Had he finally met an online adversary that could match him on his own terms?
He tried to figure how the hacker had achieved the trick – because that was what it was. All hacking was trickery, not magic. He considered a multihack, but quickly dismissed that explanation.
Amongst other possibilities he considered was the use of cascaded 5thgens linked into iSense. No, that wouldn’t work either. Disgruntled, and irritated with himself, he rocked his head in time to various profanities he uttered. When he’d used up his personal dictionary of swearwords he stopped, belched loudly, and decided to put aside such theorising.
As he’d promised Turkey, he’d already released his sniffers and trackers into the Cloud.
The sniffers would search endlessly, close to light speed, replicating and branching out exponentially, and at the first hint of the e-signature that had been collected during the mystery hacker’s intervention at the shop, the trackers would take over and follow the trails to their source. There would be millions of such trails, of which the majority would no doubt lead to dead ends, but one would lead to the single, originating source and return the IP address. It was only a matter of time.

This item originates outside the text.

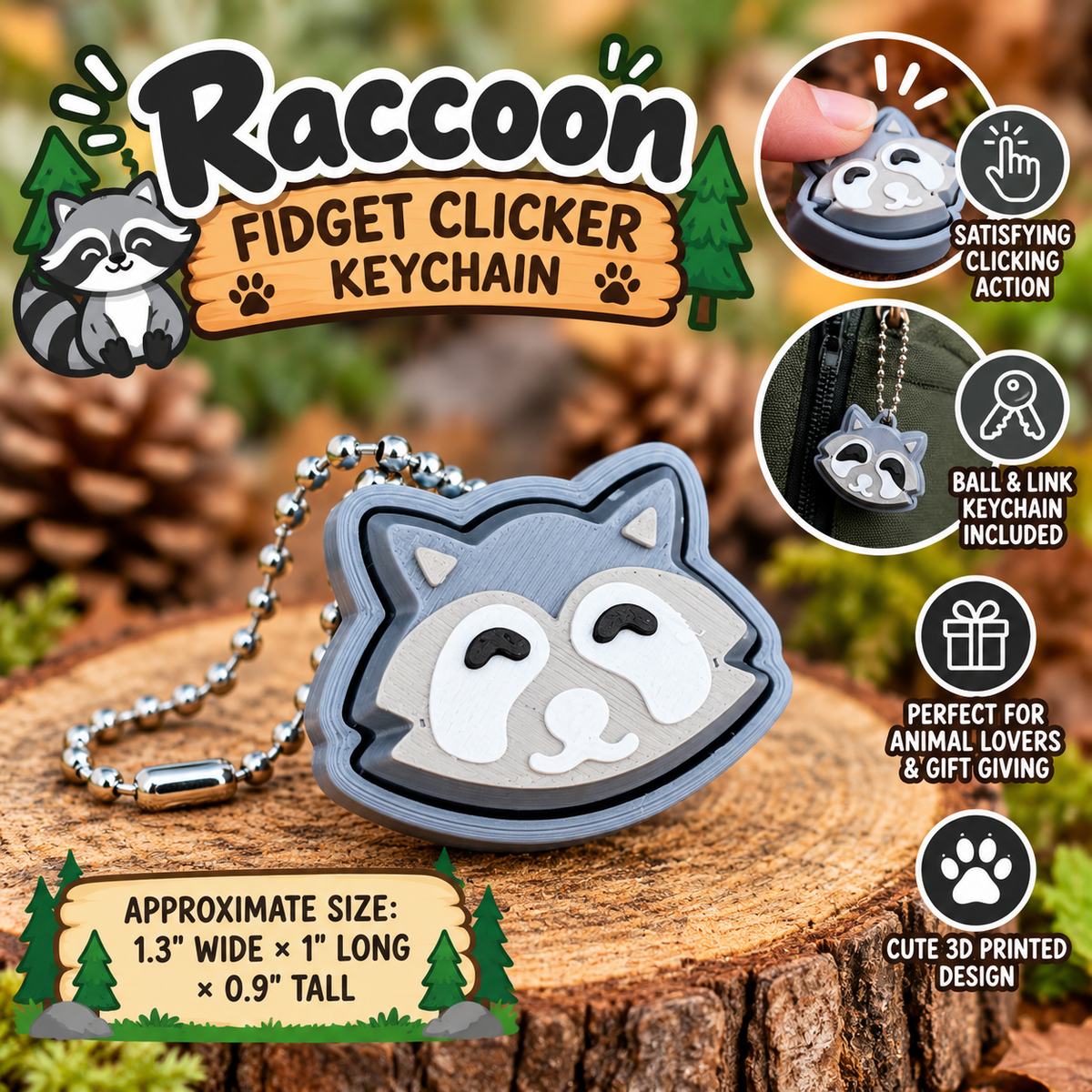 Raccoon Fidget Clicker Keychain
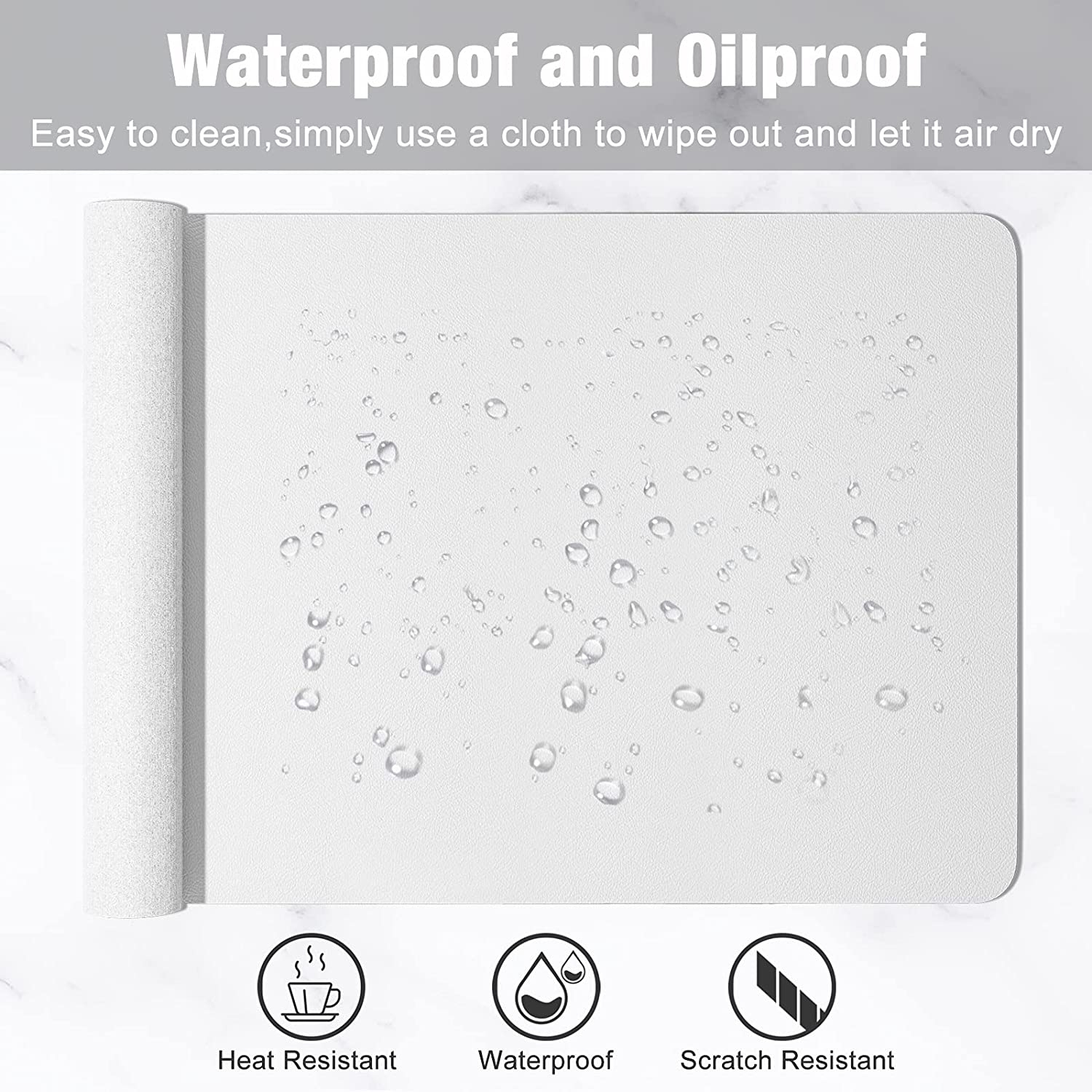 H Desk Pad, 30 x 14 PU Leather Desk Mat, XL Extended Mouse Pad, Waterproof Desk Blotter Protector, Ultra Thin Large Laptop Keyboard Mat, Non-Slip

Once he’d found the source, he would send his prized autonomous hunter-trojan app, one he’d personally designed and constructed. The app would hold the avatar at source and summon Pic, who would deal out his lesson, maybe have some fun, and shut the fucker down – but not before he’d learnt everything about him. Of course, this slap-down would only be temporary. Any half-decent hacker would simply generate a new avatar, change his virtual IP, and launch again. He knew he’d only get one chance. But that would be all he needed to find the physical location where this interfering fucktard worked from.